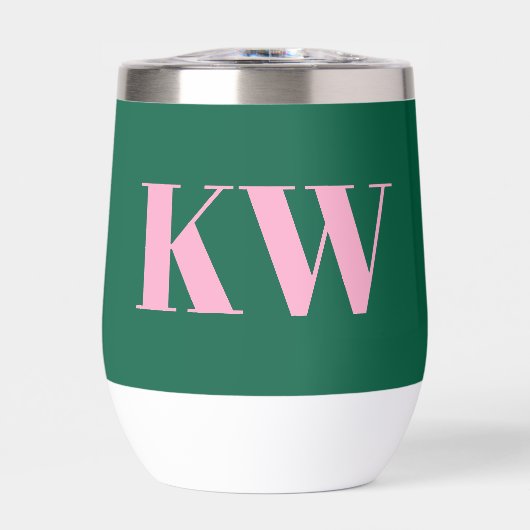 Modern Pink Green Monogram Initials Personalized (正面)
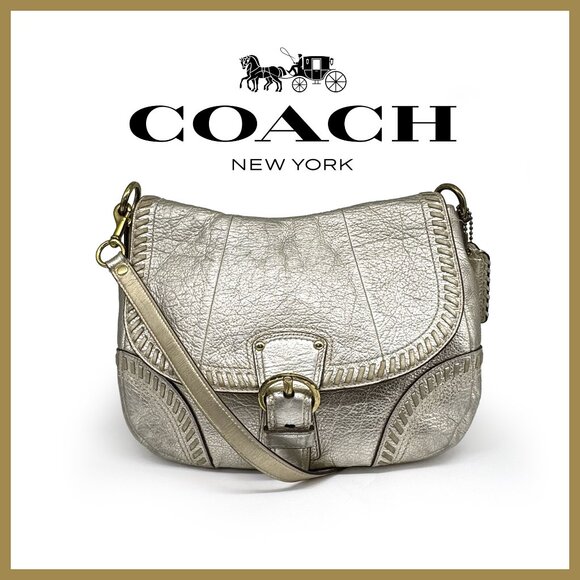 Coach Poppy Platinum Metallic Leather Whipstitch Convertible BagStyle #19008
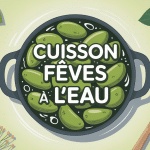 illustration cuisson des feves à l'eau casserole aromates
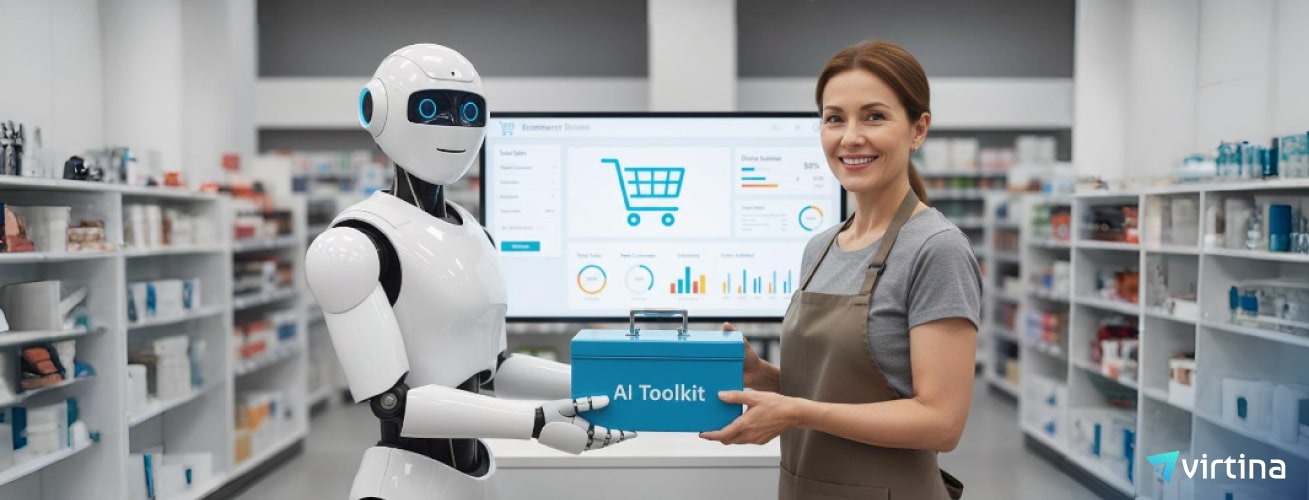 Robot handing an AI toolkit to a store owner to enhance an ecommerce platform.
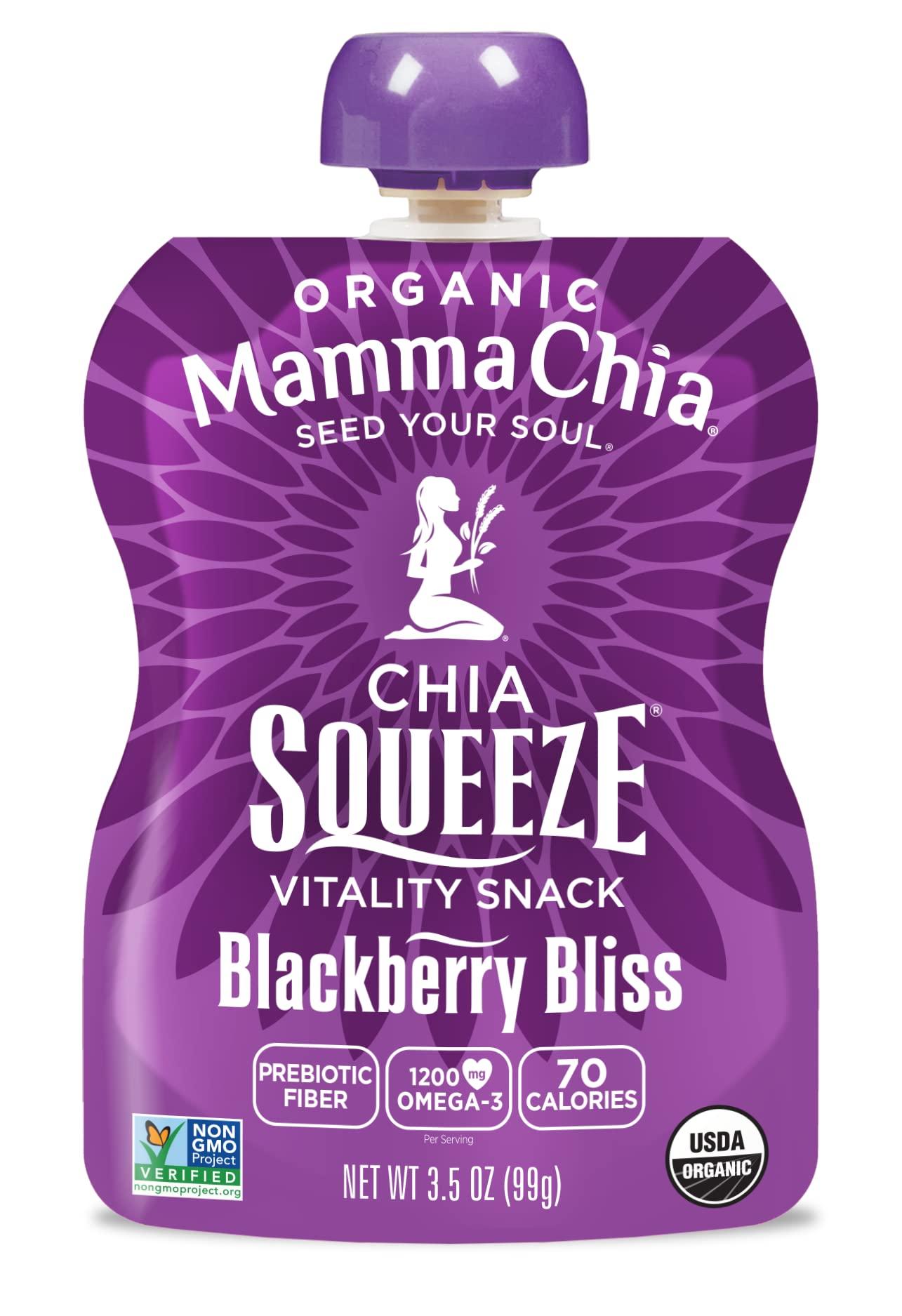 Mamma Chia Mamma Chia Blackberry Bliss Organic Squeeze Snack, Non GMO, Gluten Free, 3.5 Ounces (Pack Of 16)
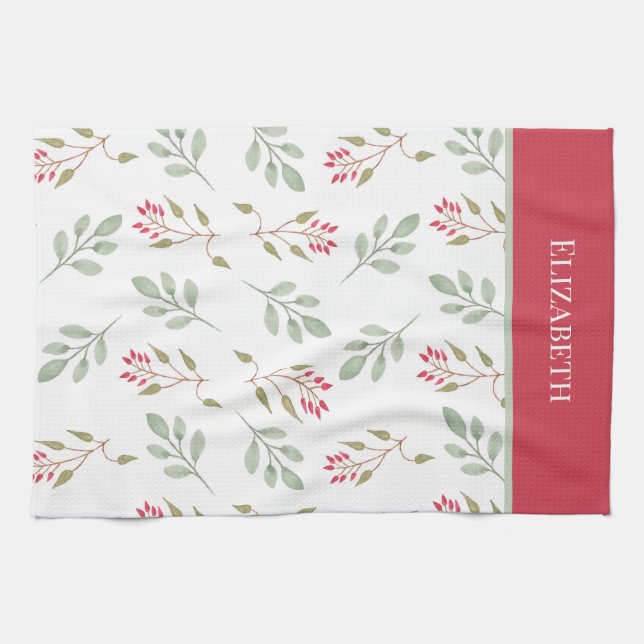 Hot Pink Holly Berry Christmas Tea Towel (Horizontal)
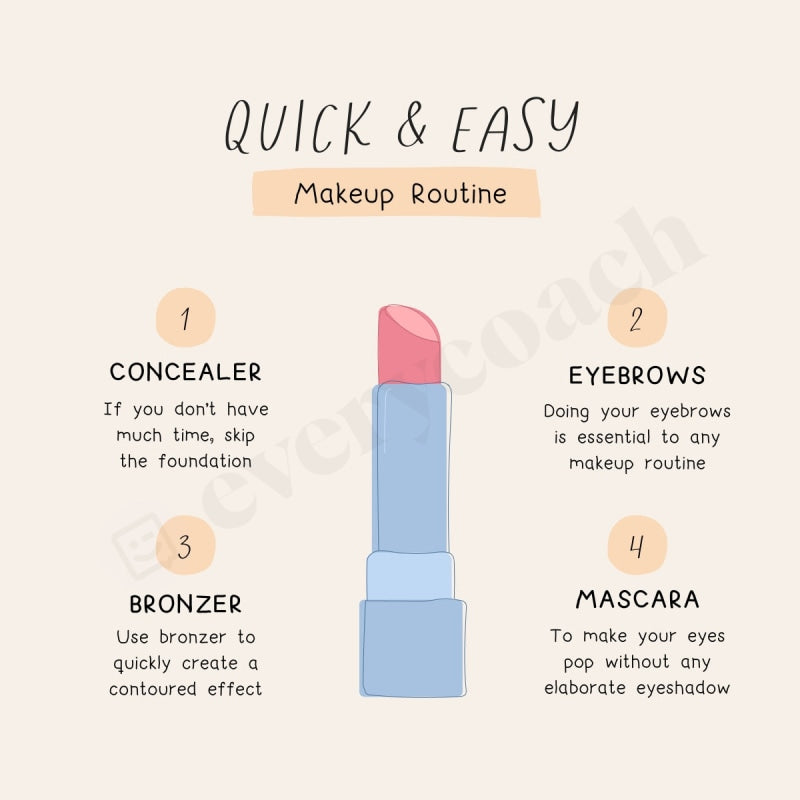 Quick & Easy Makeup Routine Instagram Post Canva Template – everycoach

- - -

_What you are asked to do:_ Exactly the lines running from the one with "illustration cuisson des" through the end of the listing above must be output, both ends included. No pictures belong in the output.

_Answer to the problem:_
 illustration cuisson des feves à l'eau casserole aromates
 Robot handing an AI toolkit to a store owner to enhance an ecommerce platform.
 Mamma Chia Mamma Chia Blackberry Bliss Organic Squeeze Snack, Non GMO, Gluten Free, 3.5 Ounces (Pack Of 16)
 Hot Pink Holly Berry Christmas Tea Towel (Horizontal)
 Quick & Easy Makeup Routine Instagram Post Canva Template – everycoach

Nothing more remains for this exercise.